The 401(k) plan -- a defined-contribution plan where workers
place a percentage of gross income in a tax-deferred account and
employers often match the contribution -- is the fastest growing
employee benefit. More than 24 million workers participate in
them; plan assets top $2 trillion.
With so much at stake, you'd expect most people to have a good
handle on their accounts, right? Not quite.
Financial advisers say the investment choices many plan participants
make are often inadequate to meet retirement needs. Worse yet,
as many as 20 percent of those eligible to participate don't,
surveys show.
Advisers recommend an annual 401(k) checkup, preferably at
the start of the year, to ensure you're on the right path toward
a comfortable retirement nest egg. If you haven't done one yet,
try it now at the year's halfway point. If you're starting a new
job, all the better to work from a clean slate.
A few things to do:
-- Join up (if you haven't already). Most employers offer some
type of defined-contribution plan. A good plan "is a great
way to attract and retain good employees," says Peter J.

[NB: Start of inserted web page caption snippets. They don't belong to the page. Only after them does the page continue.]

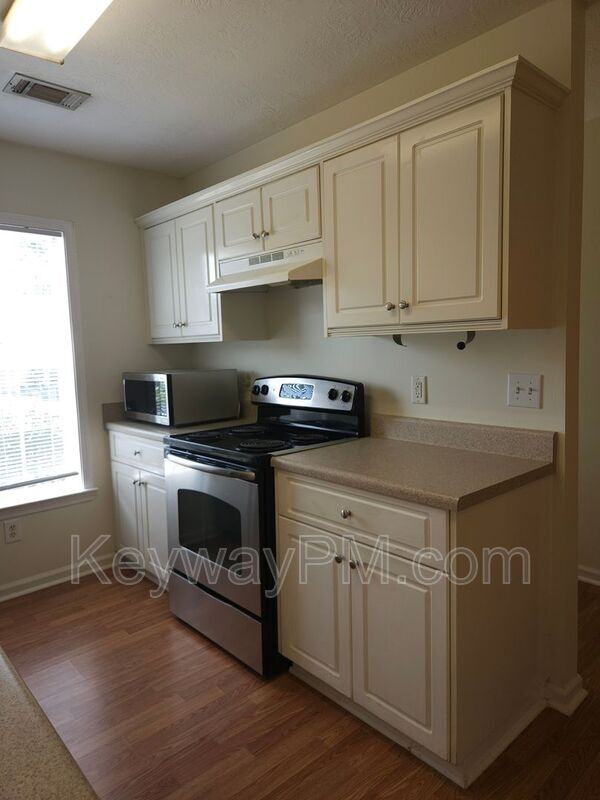 Building Photo - 123 Portofino Ln SW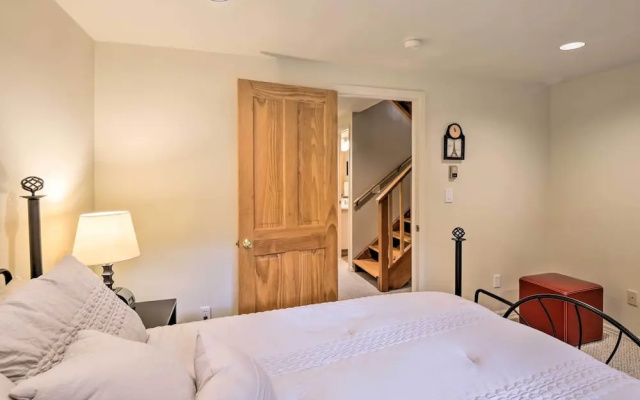photo 4 of Chillside Chalet: Modern West Vail Townhouse!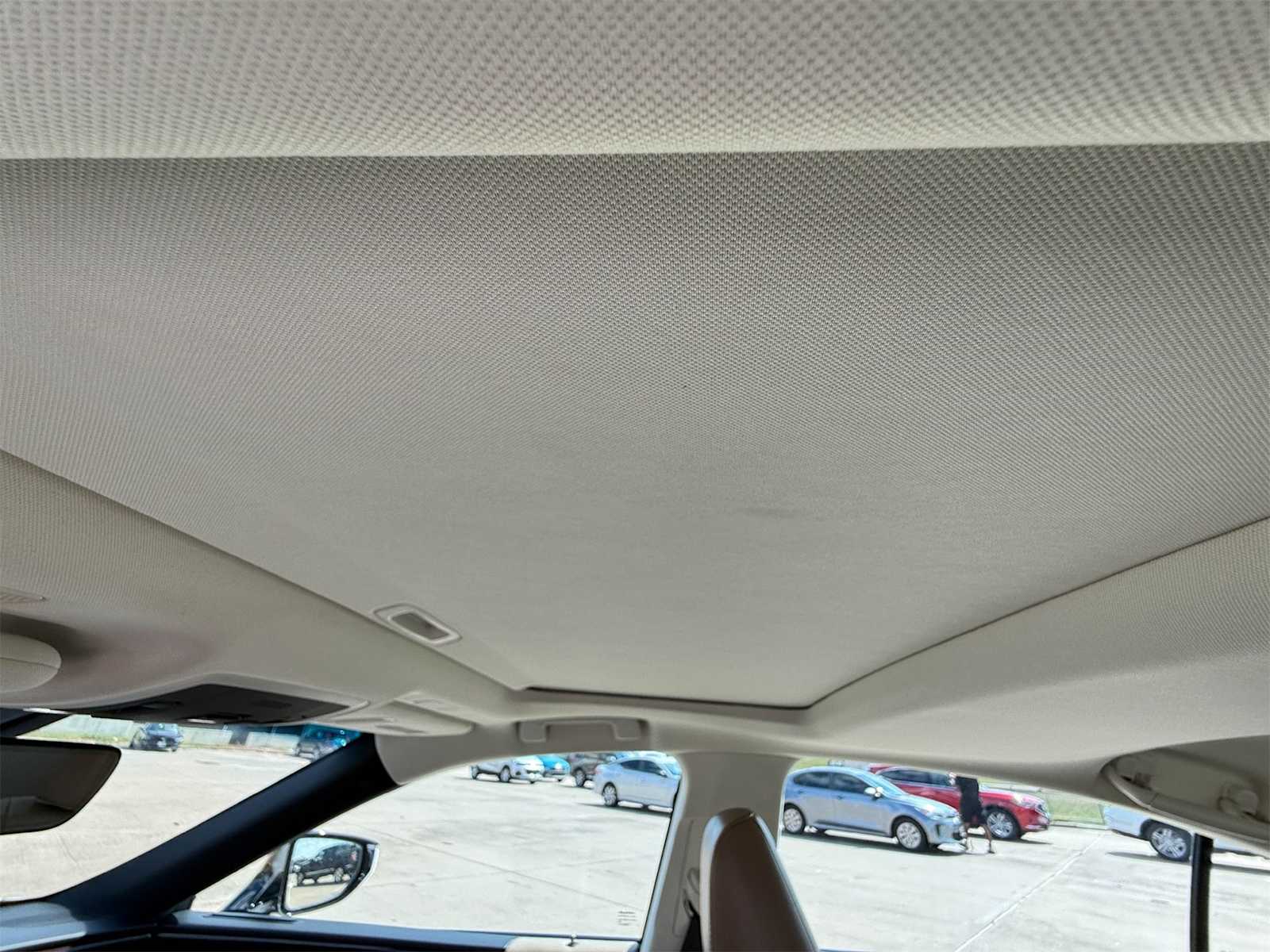 Thumbnail: 2019 Lexus ES - 28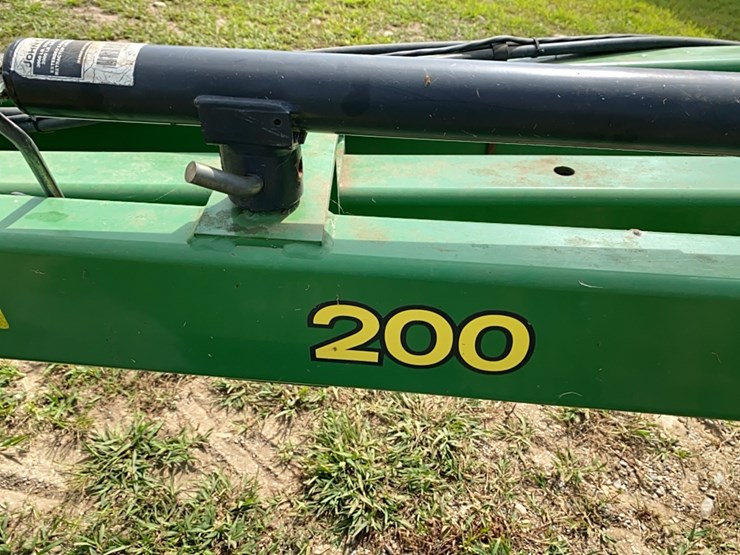john-deere-200-image-34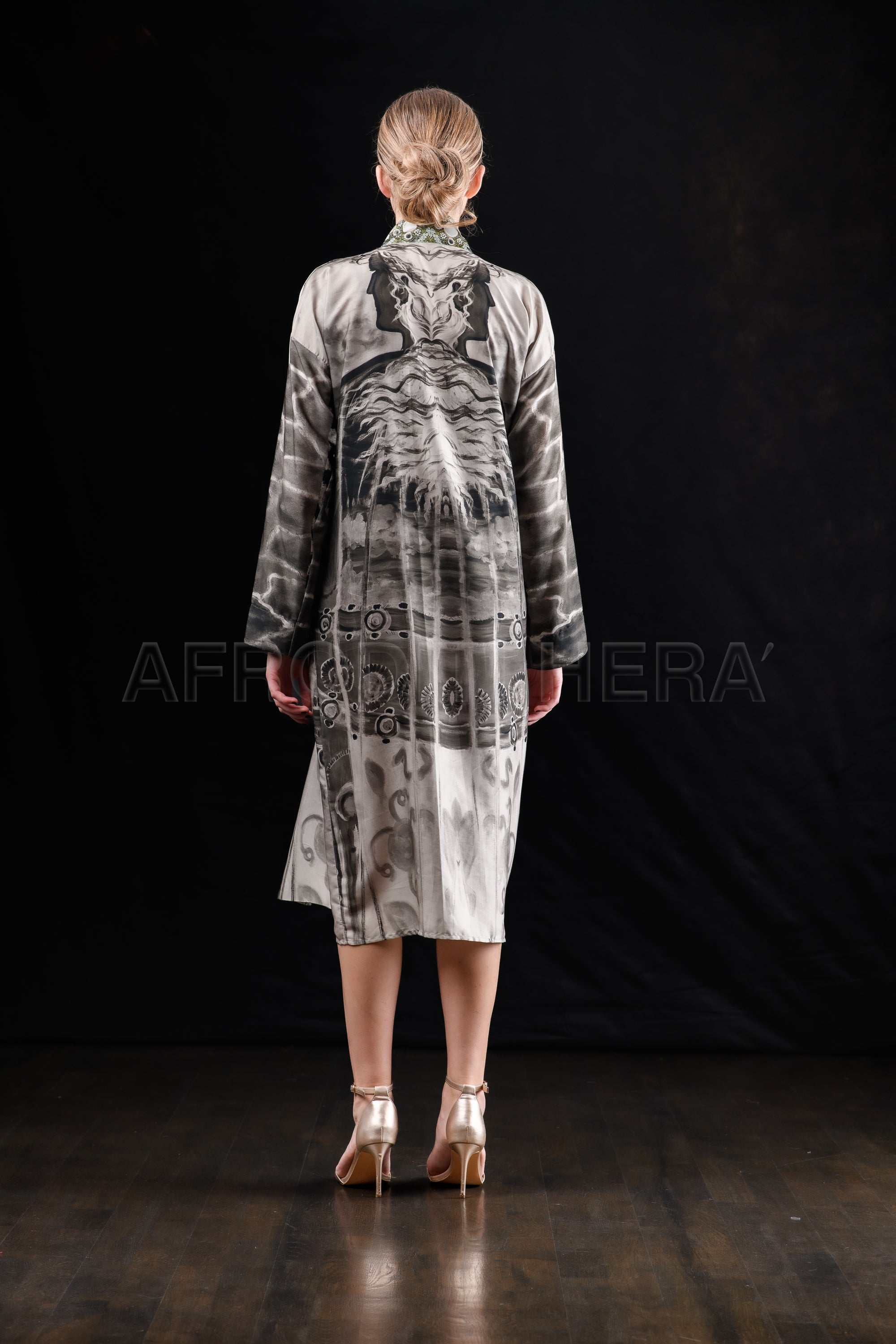 She in the wind - 57 Kimono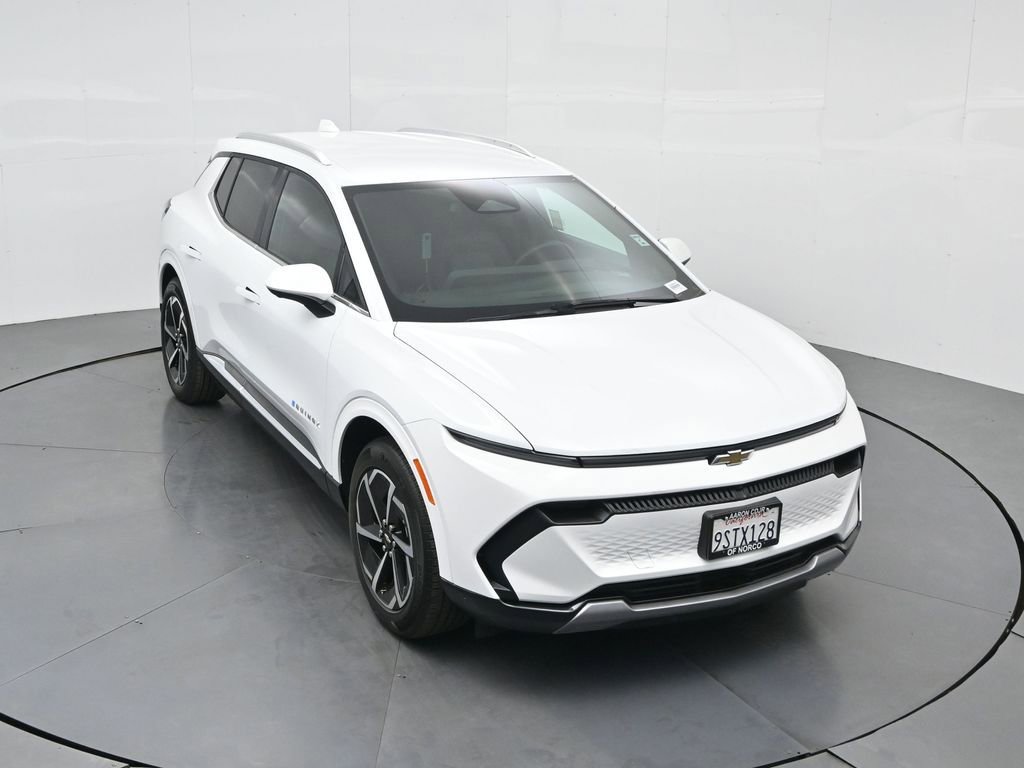 Used 2025 Chevrolet Equinox EV LT w/ Convenience Package image 52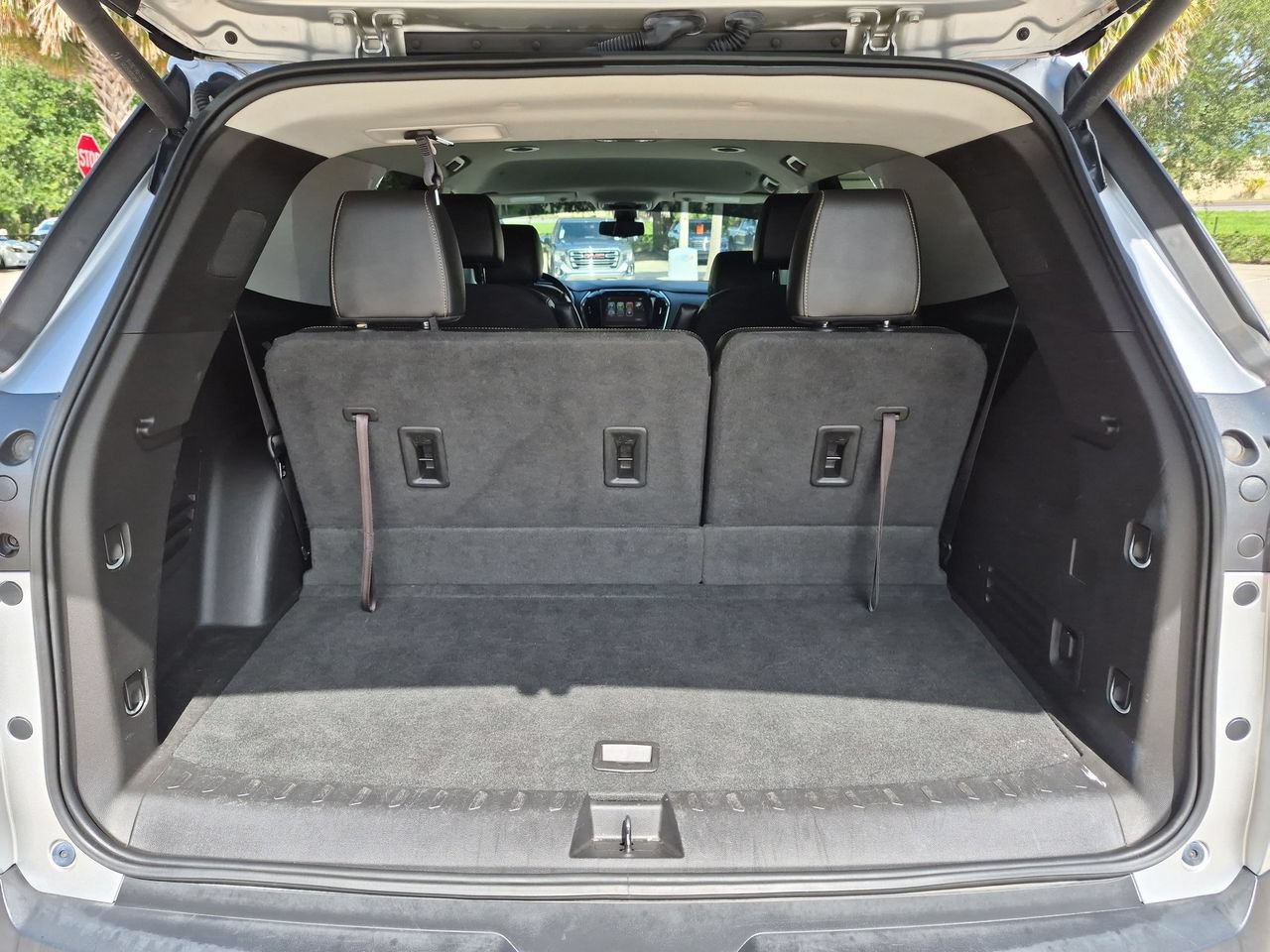 Used 2019 Chevrolet Traverse RS FWD image 22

Smail, president of Fidelity Institutional Retirement Services
Co. But he adds, "the single biggest obstacle is getting
people to take that first step and join. They may say they don't
think they can afford it, but they can't afford not to."
Enrollment eligibility is typically after a year of employment.
But more companies are reducing or eliminating the waiting period,
says the 401(k) Association in Cross Fork, Pa. It noted the trend
in its spring newsletter: "Many newly hired employees are
coming from companies where they had been contributing ... and
they do not want to wait a year or more."
-- Review goals. Do you plan to retire at the typical age?
Are there other retirement funds available? Has anything changed
since you last reviewed your plan?
"Benchmarks are needed to show progress," says Edmund
Martinez, director of investment at Merrill Lynch's employee services
group.
A financial professional can help determine how much you'll
need to contribute each year. Most financial companies have fill-in-the-blank
calculations. There are also good retirement software and books
available.
Software maker Quicken has an online service (www.quicken.com)
that performs these calculations in seconds. For instance, it
concluded that a 30-year-old man with $50,000 annual income needs
$792,216 in today's dollars by the time he's 65 to obtain a gross
retirement income of $40,000, or 80 percent of current earnings,
for 20 years of retirement. (Social Security benefits also were
taken into account.)
-- Maximize the match. Eighty-eight percent of all employers
with 401(k) plans match employees' contributions, a survey by
Buck Consultants Inc. found. The most common match: 50 cents on
the dollar, up to a maximum 6 percent of salary.
To get the maximum benefit you'll also need to contribute 6
percent. The most employees can set aside annually, though, is
$10,000. Those who can't afford much, should still set something
aside, even if it's as little as 1 percent of salary, then raise
the amount as salary increases.
-- Allocate assets. Most 401(k) plans have expanded the number
of available investment choices. The average is eight. Many big
companies offer dozens of mutual fund options, and a few have
self-directed brokerage accounts, giving unlimited access to stocks,
bonds and funds.
Some participants, however, tend to allocate too much money
in one type of investment rather than diversify. "Women tend
to invest their pension funds in safer and lower-yield assets
than men," which hurts them in the long run, a 1996 General
Accounting Office report found.
Those seeking the biggest gains over the longest periods should
emphasize stocks since they historically produce the highest earnings,
with some risk over short periods; those willing to accept more
modest gains in return for less risk should emphasize bonds; those
with no risk tolerance should consider money-market funds or other
cash equivalents.
Financial advisers recommend "rebalancing" a portfolio
annually -- shifting money from the investments that did well
into the ones that didn't. That puts the same percentages of money
in each fund, giving each an equal chance to excel.
-- Get educated. Plan administrators say inadequate employee
education is largely to blame for a poorly performing 401(k).
But that's becoming less often the case.
"In the last five years, one of the single biggest issues
associated with 401(k) plans has been the emphasis placed on employee
education," Smail says. More employers provide regular seminars
and printed material to teach workers about investing; some bring
in plan administrators for one-on-one advice.
A recent Merrill Lynch study found that when employers explain
how 401(k)s work and how they benefit employees, balances are
bigger and savings rates are higher.
-- Get plan friendly. Most plans allow you to dial a toll-free
number or access an Internet Web page to check account balances,
make trades, or change your contribution or its mix. (You also
should keep track of quarterly or monthly statements.)
The majority of large companies allow borrowing from your 401(k),
though advisers caution that should be done only in emergencies
since you'd be robbing yourself of compounded interest.